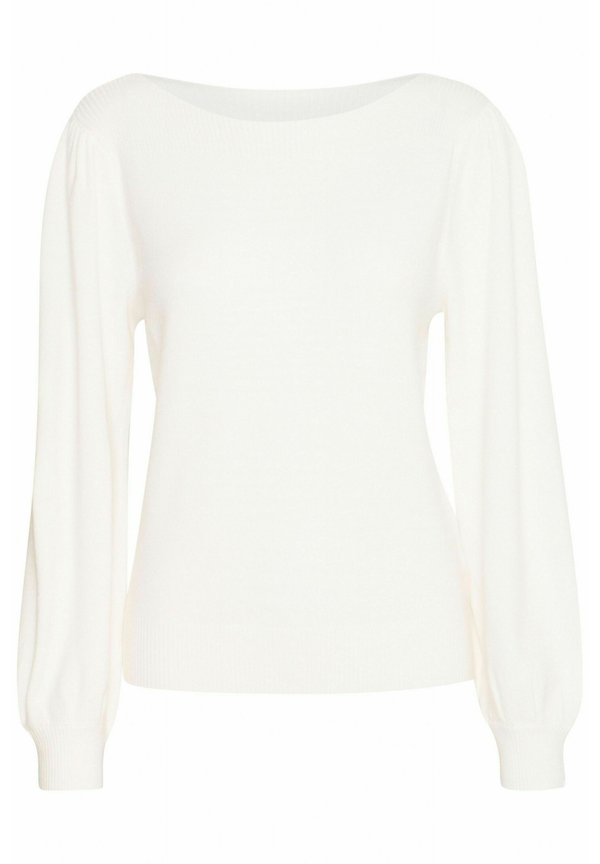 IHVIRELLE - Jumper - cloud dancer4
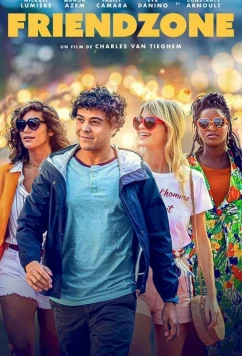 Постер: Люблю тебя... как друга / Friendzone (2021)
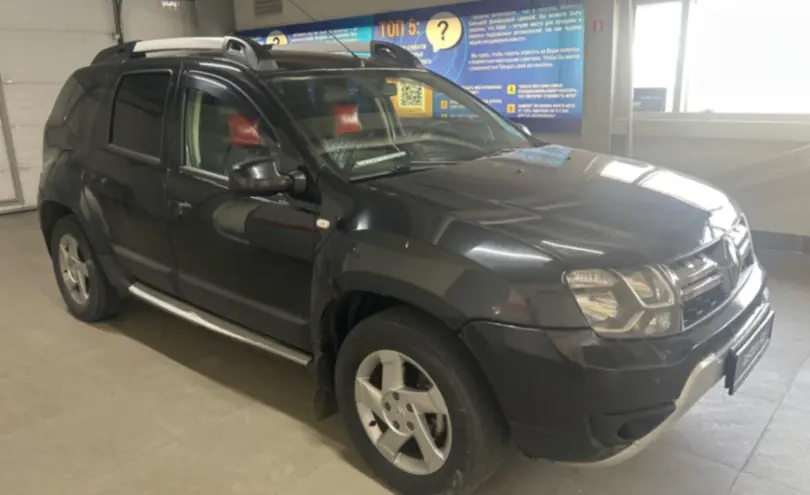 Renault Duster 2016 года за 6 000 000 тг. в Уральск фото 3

EXERCISE: From the first line to the last, transcribe the listing exactly; skip the pictures.

ANSWER BOX:
 IHVIRELLE - Jumper - cloud dancer4
 Постер: Люблю тебя... как друга / Friendzone (2021)
 Renault Duster 2016 года за 6 000 000 тг. в Уральск фото 3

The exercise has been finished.